Modeled and observed fine particulate matter reductions from state attainment demonstrations

States rely upon photochemical models to predict the impacts of air quality attainment strategies, but the performance of those predictions is rarely evaluated retrospectively. State implementation plans (SIPs) developed to attain the 1997 U.S. standard for fine particulate matter (PM_2.5; denoting particles smaller than 2.5 microns in diameter) by 2009 provide the first opportunity to assess modeled predictions of PM_2.5 reductions at the state level. The SIPs were the first to rely upon a speciated modeled attainment test methodology recommended by the U.S. Environmental Protection Agency to predict PM_2.5 concentrations and attainment status. Of the 23 eastern U.S. regions considered here, all but one achieved the 15 μg/m³ standard by 2009, and the other achieved it the following year, with downward trends sustained in subsequent years. The attainment tests predicted 2009 PM_2.5 design values at individual monitors with a mean bias of 0.38 μg/m³ and mean error of 0.68 μg/m³, and were 95% accurate in predicting whether a monitor would achieve the standard. All of the errors were false alarms, in which the monitor observed attainment after a modeled prediction of an exceedance; in these cases, the states used weight-of-evidence determinations to argue that attainment was likely. Overall, PM_2.5 concentrations at monitors in the SIP regions declined by 2.6 μg/m³ from 2000–2004 to 2007–2009, compared with 1.6 μg/m³ in eastern U.S. regions originally designated as attainment. Air quality improvements tended to be largest at monitors that were initially the most polluted.

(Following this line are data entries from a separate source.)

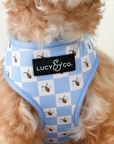 Lucy & Co. - Bumbling Around Reversible Harness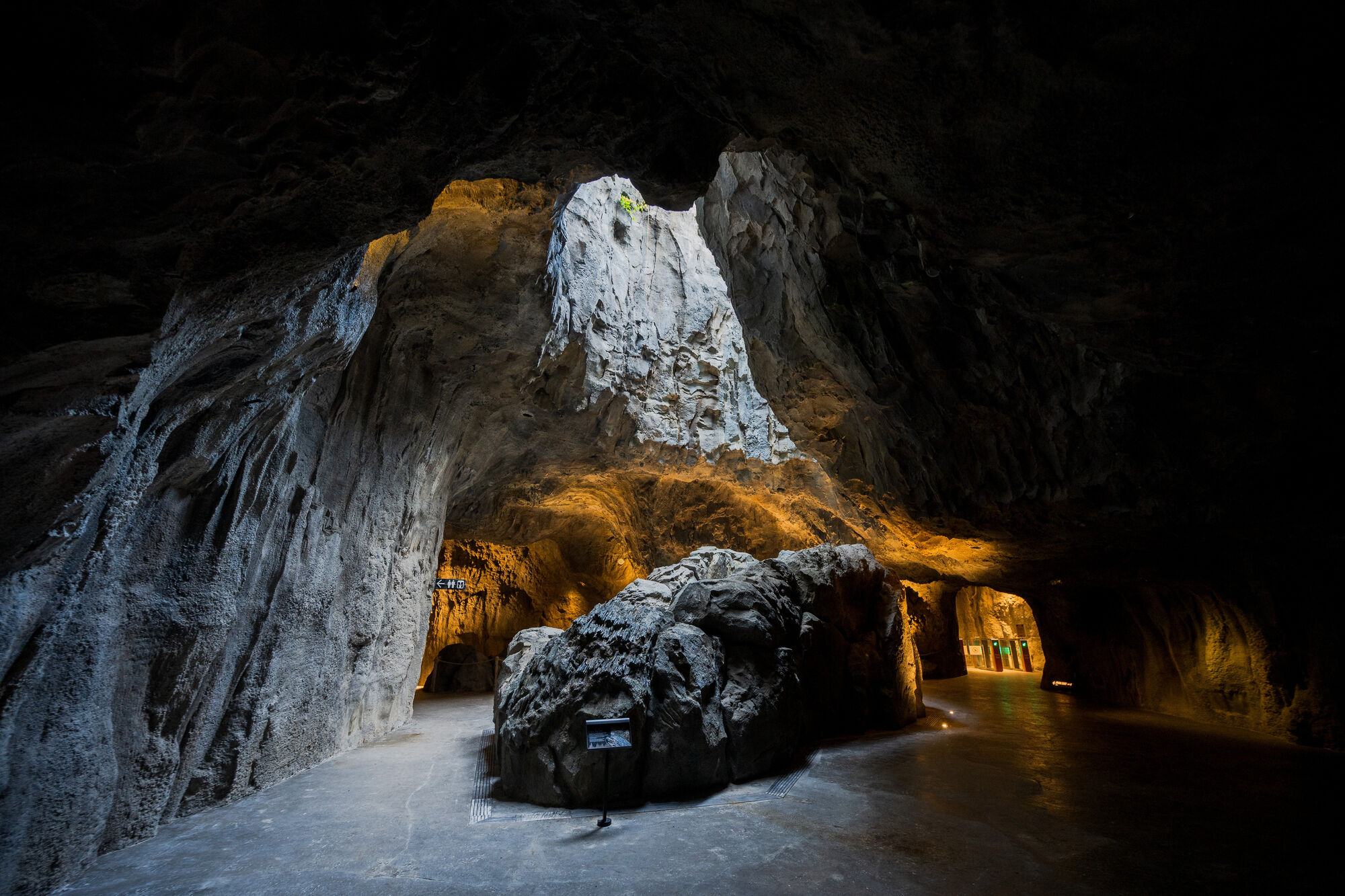 CAT6 RWA The Cavern Oculus Mandai Wildlife Group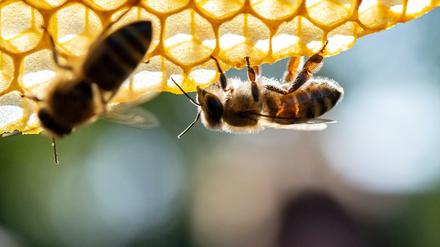 Neonikotinoide gelten als „Bienen-Killer“.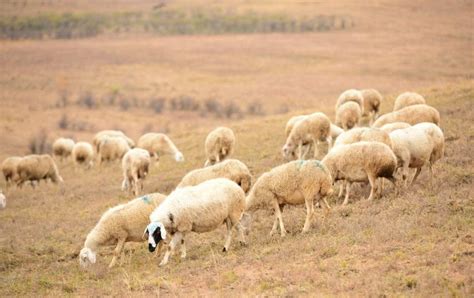 为什么自古以来养羊都要放养呢？老农民说出了真相
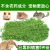 Alfalfa Dried Feed Young Rabbit Pig Food Animal Husbandry Rabbit Food Daily Delivery AliExpress Pieces Wholesale Cross-Border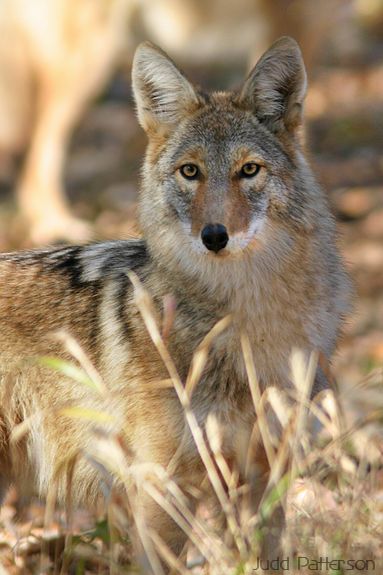 Coyote, Smoky Hill Audubon Society Lake, Kansas, United States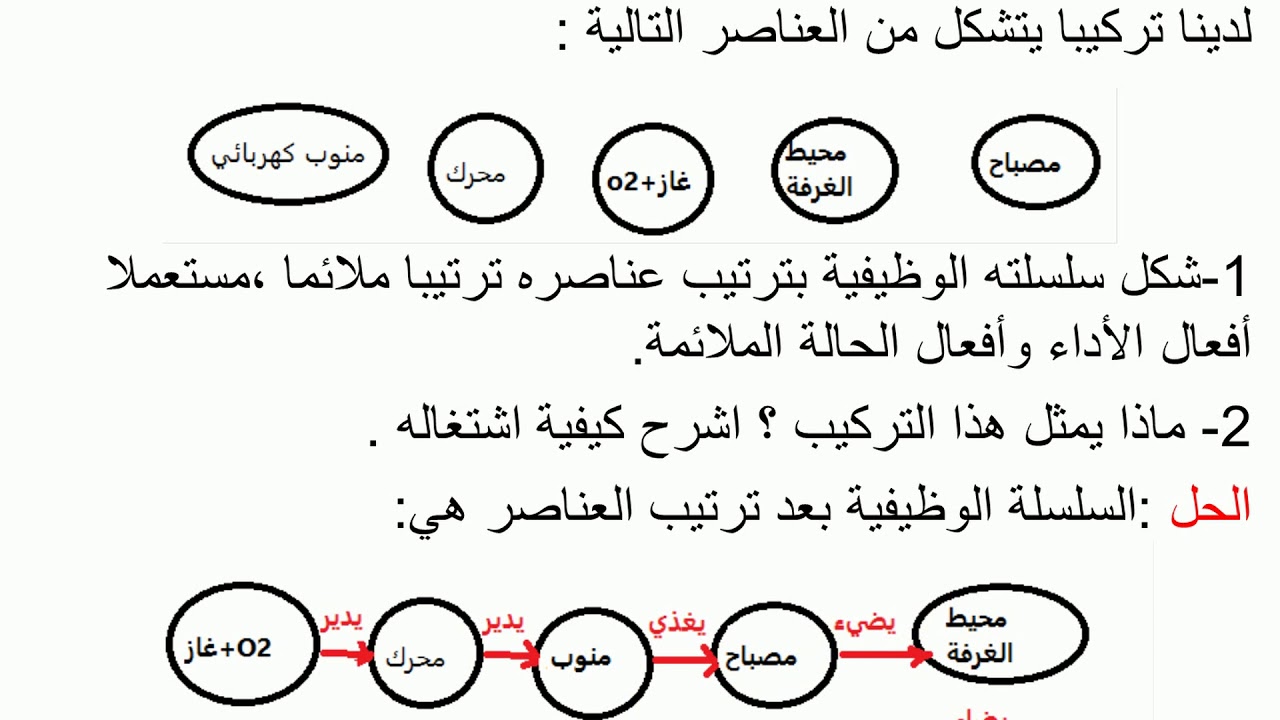 تمارين حول السلاسل الوظيفية والطاقوية للسنة 2 ثانوي S M TM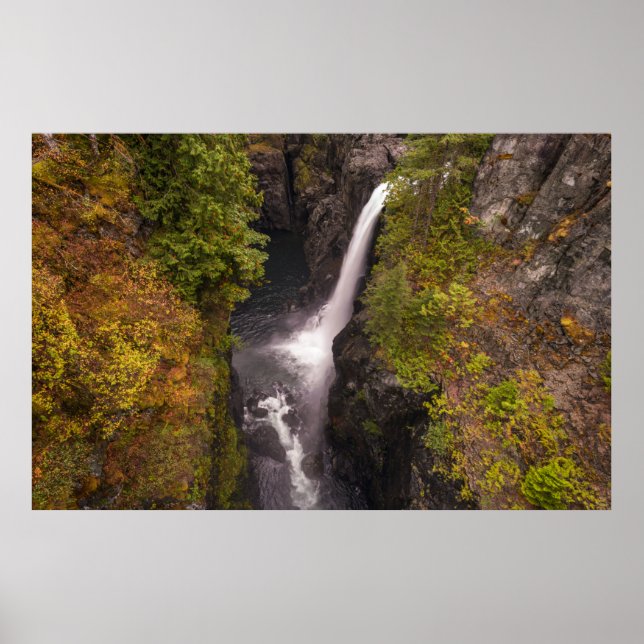 Hösten Färg vid Elk Falls Poster (Framsidan)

ImplicationsAs states prepare to develop plans for attaining a more stringent standard for fine particulate matter, this retrospective analysis documents substantial and sustained air quality improvements achieved under the previous standard. Significantly larger air quality improvements in regions initially designated nonattainment of the 1997 standard indicate that this status prompted heightened control efforts. The speciated modeled attainment test is found to be accurate and slightly conservative in predicting particulate concentrations for the cases considered here, providing confidence for its use in upcoming attainment plans.     

Control Strategy Optimization for Attainment and Exposure Mitigation: Case Study for Ozone in Macon, Georgia

Implementation of more stringent 8-hour ozone standards has led the U.S. Environmental Protection Agency to designate nonattainment status to 474 counties nationwide, many of which had never previously violated air quality standards. As states select emission control measures to achieve attainment in these regions, their choices pose significant implications to local economies and the health of their citizens. Considering a case study of one such nonattainment region, Macon, Georgia, we develop a menu of potential controls that could be implemented locally or in neighboring parts of the state. The control menu offers the potential to control about 20–35% of ozone precursor emissions in most Georgia regions, but marginal costs increase rapidly beyond 15–20%. We link high-order ozone sensitivities with the control menu to identify cost-optimized strategies for achieving attainment and for alternative goals such as reducing spatially averaged or population-weighted ozone concentrations. Strategies targeted toward attainment of Macon ozone would prioritize local reductions of nitrogen oxides, whereas controls in the more densely populated Atlanta region are shown to be more effective for reducing statewide potential population exposure to ozone. A U.S. EPA-sanctioned approach for demonstrating ozone attainment with photochemical models is shown to be highly dependent on the choice of a baseline period and may not foster optimal strategies for assuring attainment and protecting human health.